**Exercise description:** Scan the listing below for the word "vector" and copy every line that has it.

**Source material:**
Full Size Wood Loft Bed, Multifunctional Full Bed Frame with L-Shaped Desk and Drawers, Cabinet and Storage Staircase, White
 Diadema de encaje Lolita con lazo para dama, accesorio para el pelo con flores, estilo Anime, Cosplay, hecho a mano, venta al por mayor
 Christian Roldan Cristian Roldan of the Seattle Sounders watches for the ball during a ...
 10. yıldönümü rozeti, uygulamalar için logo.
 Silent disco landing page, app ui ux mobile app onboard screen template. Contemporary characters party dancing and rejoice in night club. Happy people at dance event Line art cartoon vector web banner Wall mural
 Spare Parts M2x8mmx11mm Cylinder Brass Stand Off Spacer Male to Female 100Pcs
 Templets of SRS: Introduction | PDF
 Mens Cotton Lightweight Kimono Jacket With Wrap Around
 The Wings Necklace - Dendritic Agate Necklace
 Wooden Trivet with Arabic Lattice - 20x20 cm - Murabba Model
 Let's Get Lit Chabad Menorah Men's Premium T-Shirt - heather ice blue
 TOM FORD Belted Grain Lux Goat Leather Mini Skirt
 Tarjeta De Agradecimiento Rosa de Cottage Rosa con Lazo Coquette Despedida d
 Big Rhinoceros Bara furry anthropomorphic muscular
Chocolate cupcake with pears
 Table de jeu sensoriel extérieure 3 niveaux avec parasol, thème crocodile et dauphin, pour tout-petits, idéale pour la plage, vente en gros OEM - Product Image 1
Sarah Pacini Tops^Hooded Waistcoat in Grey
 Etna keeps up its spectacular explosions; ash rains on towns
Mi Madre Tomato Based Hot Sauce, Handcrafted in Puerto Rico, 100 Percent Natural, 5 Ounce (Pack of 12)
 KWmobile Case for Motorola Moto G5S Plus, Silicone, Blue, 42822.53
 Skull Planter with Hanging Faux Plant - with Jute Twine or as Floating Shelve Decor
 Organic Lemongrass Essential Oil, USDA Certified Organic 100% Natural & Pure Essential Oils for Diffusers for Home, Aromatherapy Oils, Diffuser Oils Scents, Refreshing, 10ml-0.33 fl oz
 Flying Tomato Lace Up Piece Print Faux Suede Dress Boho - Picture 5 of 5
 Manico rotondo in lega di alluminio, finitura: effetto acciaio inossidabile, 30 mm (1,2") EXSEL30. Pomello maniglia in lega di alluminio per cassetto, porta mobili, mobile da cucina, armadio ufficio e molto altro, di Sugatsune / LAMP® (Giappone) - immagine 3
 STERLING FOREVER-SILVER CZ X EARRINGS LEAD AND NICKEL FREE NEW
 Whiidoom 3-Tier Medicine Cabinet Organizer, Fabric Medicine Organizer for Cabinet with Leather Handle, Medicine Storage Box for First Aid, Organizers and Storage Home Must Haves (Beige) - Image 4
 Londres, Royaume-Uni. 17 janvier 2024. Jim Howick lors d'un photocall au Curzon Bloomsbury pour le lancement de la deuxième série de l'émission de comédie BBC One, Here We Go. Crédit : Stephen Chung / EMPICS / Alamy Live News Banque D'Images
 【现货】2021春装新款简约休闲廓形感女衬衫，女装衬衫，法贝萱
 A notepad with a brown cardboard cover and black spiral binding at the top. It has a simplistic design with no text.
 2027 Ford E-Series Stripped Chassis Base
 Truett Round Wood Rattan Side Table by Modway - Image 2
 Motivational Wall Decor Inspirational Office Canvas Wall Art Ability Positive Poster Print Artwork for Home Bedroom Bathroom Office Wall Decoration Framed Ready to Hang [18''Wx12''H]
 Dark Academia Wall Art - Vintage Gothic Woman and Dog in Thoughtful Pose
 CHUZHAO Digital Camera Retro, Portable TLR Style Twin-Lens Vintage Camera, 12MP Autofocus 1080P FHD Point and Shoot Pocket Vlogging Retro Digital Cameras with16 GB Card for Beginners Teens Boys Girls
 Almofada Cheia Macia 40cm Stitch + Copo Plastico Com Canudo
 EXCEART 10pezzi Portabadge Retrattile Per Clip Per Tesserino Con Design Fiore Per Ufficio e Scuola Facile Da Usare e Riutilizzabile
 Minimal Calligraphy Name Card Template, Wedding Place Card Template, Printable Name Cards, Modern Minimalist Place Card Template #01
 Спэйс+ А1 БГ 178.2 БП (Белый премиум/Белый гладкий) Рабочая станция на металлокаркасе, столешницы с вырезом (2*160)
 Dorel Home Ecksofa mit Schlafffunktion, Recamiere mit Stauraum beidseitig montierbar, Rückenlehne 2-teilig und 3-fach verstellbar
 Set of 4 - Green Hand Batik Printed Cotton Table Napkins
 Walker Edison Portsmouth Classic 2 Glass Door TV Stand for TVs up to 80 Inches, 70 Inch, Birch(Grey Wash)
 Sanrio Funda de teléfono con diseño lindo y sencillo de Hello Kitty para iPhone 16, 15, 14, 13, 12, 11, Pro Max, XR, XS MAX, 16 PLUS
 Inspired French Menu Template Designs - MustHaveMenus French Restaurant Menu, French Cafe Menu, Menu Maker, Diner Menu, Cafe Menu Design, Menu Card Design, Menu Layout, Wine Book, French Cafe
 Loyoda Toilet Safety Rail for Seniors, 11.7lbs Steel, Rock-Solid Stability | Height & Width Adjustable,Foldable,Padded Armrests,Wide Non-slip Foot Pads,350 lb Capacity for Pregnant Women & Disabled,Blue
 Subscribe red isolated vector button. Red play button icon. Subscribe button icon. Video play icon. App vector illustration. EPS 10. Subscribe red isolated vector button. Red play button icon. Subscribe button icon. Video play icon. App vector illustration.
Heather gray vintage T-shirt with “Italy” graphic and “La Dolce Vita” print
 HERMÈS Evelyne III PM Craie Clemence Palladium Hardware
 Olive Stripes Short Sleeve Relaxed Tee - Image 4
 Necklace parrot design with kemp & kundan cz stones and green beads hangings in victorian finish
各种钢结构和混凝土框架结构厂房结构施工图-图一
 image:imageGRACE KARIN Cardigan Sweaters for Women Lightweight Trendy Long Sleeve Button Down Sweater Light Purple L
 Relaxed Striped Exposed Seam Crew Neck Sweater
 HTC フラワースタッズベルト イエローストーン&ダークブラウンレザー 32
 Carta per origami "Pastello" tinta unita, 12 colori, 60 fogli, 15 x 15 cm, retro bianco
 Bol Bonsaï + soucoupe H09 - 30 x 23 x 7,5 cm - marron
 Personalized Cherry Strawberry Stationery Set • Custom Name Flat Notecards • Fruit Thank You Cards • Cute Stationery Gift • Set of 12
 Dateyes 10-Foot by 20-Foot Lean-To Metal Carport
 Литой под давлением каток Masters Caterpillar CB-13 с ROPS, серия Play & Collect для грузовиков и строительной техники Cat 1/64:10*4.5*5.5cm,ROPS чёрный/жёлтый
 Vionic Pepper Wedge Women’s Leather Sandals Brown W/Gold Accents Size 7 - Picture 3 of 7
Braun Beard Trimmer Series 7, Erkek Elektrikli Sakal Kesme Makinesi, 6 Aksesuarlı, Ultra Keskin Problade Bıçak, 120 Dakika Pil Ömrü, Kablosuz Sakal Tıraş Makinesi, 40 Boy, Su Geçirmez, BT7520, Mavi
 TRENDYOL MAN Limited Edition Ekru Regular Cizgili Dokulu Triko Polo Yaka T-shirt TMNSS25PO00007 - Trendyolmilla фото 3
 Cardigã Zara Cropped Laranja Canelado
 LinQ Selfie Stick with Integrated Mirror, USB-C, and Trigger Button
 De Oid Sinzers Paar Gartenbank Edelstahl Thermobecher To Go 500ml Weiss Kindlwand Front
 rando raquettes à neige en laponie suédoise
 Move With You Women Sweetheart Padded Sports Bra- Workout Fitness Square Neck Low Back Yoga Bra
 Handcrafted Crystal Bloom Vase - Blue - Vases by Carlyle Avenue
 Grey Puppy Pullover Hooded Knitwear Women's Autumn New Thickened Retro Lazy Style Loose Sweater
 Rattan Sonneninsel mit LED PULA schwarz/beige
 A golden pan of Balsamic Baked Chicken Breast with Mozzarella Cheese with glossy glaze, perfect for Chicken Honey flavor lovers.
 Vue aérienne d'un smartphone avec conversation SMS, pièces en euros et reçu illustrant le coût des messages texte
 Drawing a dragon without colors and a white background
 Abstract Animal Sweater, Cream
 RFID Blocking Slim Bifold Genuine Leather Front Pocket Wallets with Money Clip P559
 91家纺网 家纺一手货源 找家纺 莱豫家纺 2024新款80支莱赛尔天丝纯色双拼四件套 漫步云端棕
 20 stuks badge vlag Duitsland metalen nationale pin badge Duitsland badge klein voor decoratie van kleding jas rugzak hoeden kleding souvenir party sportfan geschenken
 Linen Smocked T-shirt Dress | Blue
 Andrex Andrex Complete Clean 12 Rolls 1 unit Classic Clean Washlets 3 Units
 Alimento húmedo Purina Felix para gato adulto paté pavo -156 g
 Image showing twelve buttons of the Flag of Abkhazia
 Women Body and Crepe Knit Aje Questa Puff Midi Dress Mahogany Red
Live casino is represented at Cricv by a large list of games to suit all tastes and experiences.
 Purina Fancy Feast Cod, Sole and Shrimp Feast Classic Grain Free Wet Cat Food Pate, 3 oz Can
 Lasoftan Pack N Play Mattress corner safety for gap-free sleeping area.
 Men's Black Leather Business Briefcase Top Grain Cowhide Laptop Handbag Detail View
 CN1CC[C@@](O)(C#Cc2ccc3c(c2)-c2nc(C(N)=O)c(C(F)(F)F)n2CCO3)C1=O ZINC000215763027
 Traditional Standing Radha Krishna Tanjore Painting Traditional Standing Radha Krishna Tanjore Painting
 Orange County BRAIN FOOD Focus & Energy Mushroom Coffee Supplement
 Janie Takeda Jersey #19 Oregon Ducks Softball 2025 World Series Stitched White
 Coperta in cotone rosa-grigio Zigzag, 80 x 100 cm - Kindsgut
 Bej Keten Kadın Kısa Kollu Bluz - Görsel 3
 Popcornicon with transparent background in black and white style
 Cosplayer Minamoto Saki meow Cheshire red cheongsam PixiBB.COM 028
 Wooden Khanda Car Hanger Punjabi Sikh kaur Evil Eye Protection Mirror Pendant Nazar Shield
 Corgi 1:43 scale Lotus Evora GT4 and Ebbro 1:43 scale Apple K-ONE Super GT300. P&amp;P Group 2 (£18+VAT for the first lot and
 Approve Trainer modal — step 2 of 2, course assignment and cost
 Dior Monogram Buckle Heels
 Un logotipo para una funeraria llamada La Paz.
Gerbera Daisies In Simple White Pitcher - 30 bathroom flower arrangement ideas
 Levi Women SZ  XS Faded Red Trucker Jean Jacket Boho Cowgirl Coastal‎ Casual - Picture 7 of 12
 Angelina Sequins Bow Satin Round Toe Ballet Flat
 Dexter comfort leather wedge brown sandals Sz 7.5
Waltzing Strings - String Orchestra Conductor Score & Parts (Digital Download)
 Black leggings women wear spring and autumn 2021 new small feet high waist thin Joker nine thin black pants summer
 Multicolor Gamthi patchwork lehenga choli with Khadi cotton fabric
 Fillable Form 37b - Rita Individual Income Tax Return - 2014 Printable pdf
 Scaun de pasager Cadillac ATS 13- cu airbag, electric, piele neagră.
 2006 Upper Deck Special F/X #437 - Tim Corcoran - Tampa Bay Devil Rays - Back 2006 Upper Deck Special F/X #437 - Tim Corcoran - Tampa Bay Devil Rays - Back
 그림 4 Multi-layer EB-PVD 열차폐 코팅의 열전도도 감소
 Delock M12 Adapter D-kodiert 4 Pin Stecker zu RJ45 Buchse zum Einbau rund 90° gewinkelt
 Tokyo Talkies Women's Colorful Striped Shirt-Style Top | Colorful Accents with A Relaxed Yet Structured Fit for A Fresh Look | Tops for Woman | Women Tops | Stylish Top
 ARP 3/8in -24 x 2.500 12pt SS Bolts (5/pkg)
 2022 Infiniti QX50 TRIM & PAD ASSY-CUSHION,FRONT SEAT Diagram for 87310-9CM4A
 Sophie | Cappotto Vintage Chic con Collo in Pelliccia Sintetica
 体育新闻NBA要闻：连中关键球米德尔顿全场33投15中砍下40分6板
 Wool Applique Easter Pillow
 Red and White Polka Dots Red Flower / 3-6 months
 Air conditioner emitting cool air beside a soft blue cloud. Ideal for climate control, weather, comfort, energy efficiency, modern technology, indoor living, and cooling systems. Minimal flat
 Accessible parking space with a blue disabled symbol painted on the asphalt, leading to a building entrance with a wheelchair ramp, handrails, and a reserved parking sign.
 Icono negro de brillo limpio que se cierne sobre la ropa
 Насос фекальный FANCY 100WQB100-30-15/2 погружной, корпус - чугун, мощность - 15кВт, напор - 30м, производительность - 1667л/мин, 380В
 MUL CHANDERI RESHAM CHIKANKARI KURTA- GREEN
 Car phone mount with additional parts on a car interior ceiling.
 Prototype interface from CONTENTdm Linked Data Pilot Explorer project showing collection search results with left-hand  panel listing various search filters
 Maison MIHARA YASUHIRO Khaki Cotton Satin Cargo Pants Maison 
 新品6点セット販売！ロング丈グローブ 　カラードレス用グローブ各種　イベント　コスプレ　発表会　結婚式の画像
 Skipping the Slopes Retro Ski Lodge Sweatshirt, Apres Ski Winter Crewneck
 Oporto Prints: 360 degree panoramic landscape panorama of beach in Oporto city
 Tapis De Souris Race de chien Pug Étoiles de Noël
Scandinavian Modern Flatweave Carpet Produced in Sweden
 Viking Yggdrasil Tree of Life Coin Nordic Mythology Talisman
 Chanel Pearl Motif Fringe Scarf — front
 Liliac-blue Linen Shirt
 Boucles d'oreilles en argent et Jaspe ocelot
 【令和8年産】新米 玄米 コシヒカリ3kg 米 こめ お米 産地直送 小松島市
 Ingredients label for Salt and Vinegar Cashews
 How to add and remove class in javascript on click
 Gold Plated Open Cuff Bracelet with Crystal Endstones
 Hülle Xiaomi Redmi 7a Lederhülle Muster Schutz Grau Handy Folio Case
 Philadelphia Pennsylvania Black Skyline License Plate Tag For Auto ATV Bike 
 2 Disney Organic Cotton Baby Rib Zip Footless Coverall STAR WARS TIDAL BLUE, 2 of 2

**Task response:**
 Silent disco landing page, app ui ux mobile app onboard screen template. Contemporary characters party dancing and rejoice in night club. Happy people at dance event Line art cartoon vector web banner Wall mural
 Subscribe red isolated vector button. Red play button icon. Subscribe button icon. Video play icon. App vector illustration. EPS 10. Subscribe red isolated vector button. Red play button icon. Subscribe button icon. Video play icon. App vector illustration.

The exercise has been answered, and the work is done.